C’est comme ça qu’a commencé son aventure au Centre Edimar où les jeunes abandonnés sont accompagnés dans leurs études mais également dans la recherche d’un travail et dans leur formation professionnelle (« nous avons tout un champ pour apprendre le goût du travail parce que de nombreux jeunes perdent cette attitude à cause de la drogue ou des vols ») mais également dans leur choix de fonder une famille. « Beaucoup de ces jeunes ont redécouvert un goût pour la vie et nous avons commencé à voir en eux une nouveauté ». Avant ils vivaient comme des animaux, un pas à la fois ils se sont redécouverts en tant qu’hommes. « Nous voulons les aider tous à travers une proposition qui témoigne d’un amour pour la vie. Et au-delà de ça, nous voulons aller au bout du besoin éducatif, avec une école qui incarne la méthode de don Giussani ».

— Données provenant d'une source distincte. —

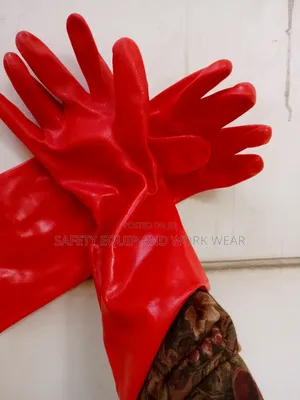 Red Pvc Gloves For Agriculture And Pest Handling.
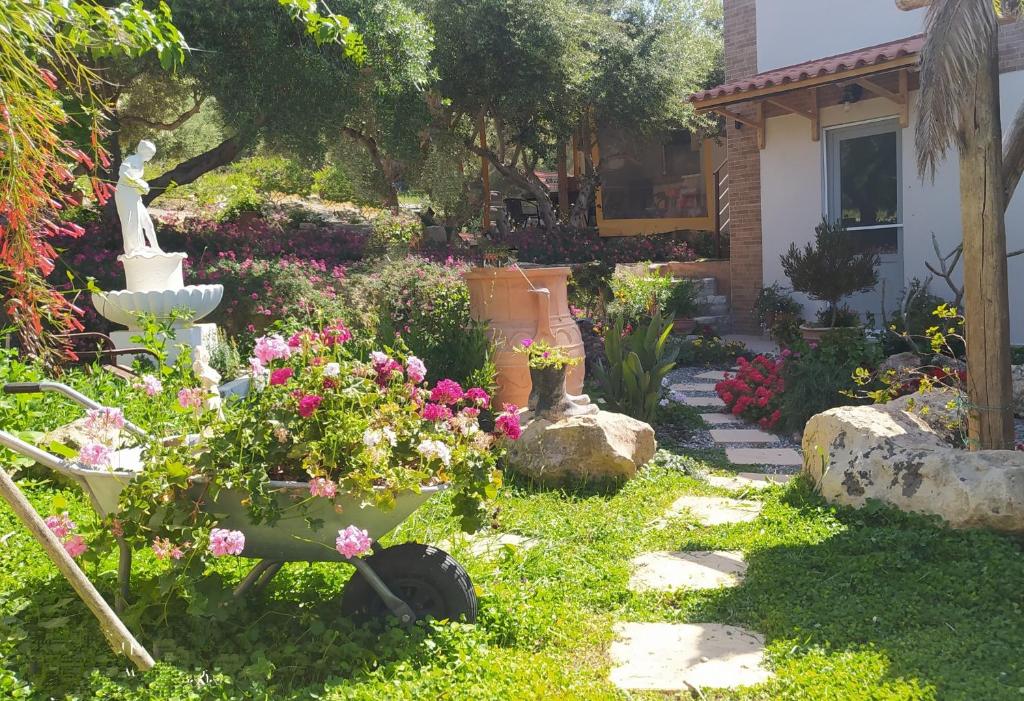 MyParadise-Farm Villa in the centre of South Crete photo 2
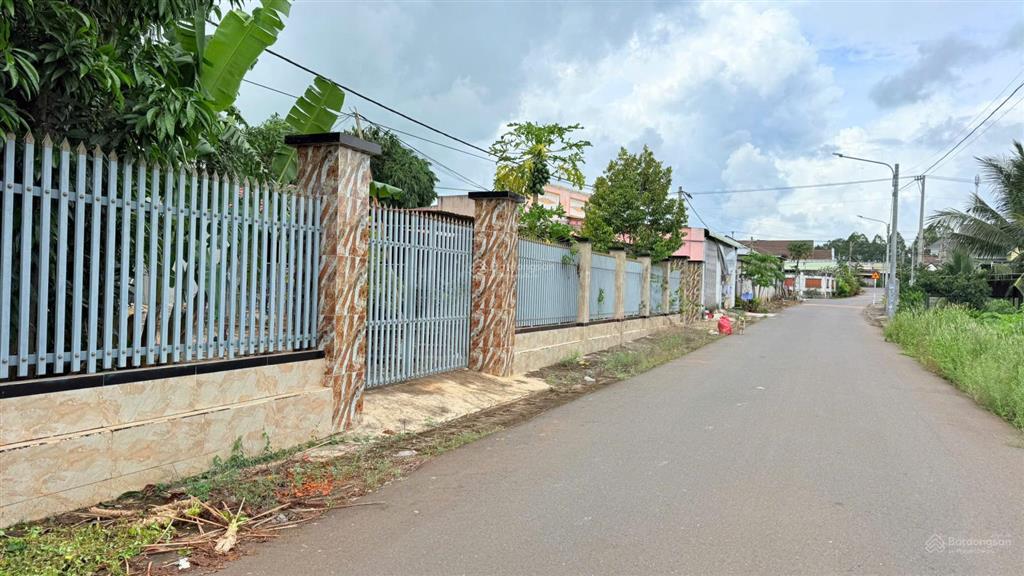 Bán lô nhà vườn gần chợ đất đỏ  649m2, nở hậu 25m, có 40m2 thổ cư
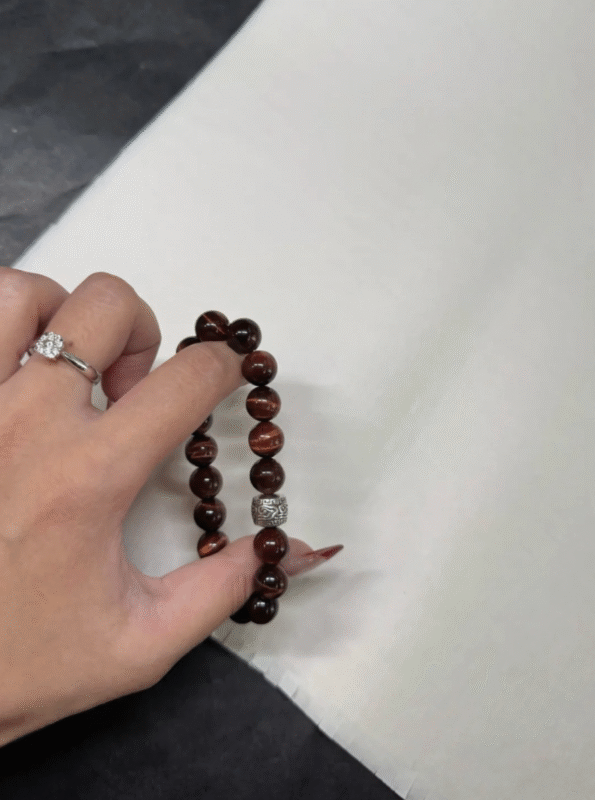 Red tiger’s eye on wrist! Reddish-brown tiger stripes flatter skin, earth-element energy stabilizes vibes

Les rencontres ne manquent pas. Mireille s’émeut encore à la pensée de Raina, une jeune fille de 17 ans. « Elle était enceinte et se droguait. Un jour, elle vient chez moi : ses vêtements étaient trempés et le travail avait commencé. Je lui ai demandé : "Que veux-tu ?". "J’aimerais que quelqu’un me donne une autre possibilité, qu’il me fasse confiance !". En ce moment si difficile, elle ne cherchait pas de l’aide pour accoucher mais quelqu’un qui la regarde différemment. Je l’ai accompagnée à l’hôpital, stupéfaite, et aujourd’hui je le suis encore plus lorsque je les regarde, elle et sa fille, et je remercie le Seigneur ». Ensuite, elle parle de Bilandi : « Il n’avait pas encore 12 ans quand il a commencé à venir ici. Il ne parlait pas français et je l’aidais à étudier. Deux ans après, il a passé un examen et m’a raconté avoir dit non à un examinateur qui lui proposait de lui donner les bonnes réponses en échange de 2000 francs (environ 3 euros). Il lui a dit : "Je voudrais écrire avec ma tête", et il a réussi son examen. Ici, la corruption est partout, ce garçon a pu dire non parce qu’il avait appris à dire "moi". Par la suite, il est rentré dans son village pour terminer ses études et rester travailler ».

« C’est comme ça que le Seigneur m’appelle chaque jour à une maternité plus grande ». Elle conclut en racontant l’histoire de Sidiky, un jeune de 20 ans rencontré dans la rue. « Il m’a demandé s’il pouvait venir chez moi un jour après un match de foot. Lorsque je rentrais chez moi, j’avais l’habitude d’aller voir Victorien, mon mari, et de m’asseoir sur ses genoux pour lui dire bonjour. Lorsque je me suis levée, c’est le jeune qui s’est jeté dans les bras de mon mari. Il m’a dit qu’il voulait se sentir comme un fils dans les bras d’un père. C’est à ce moment-là que j’ai ressenti comme encore plus vrai ce que m’avait dit le père Maurizio ».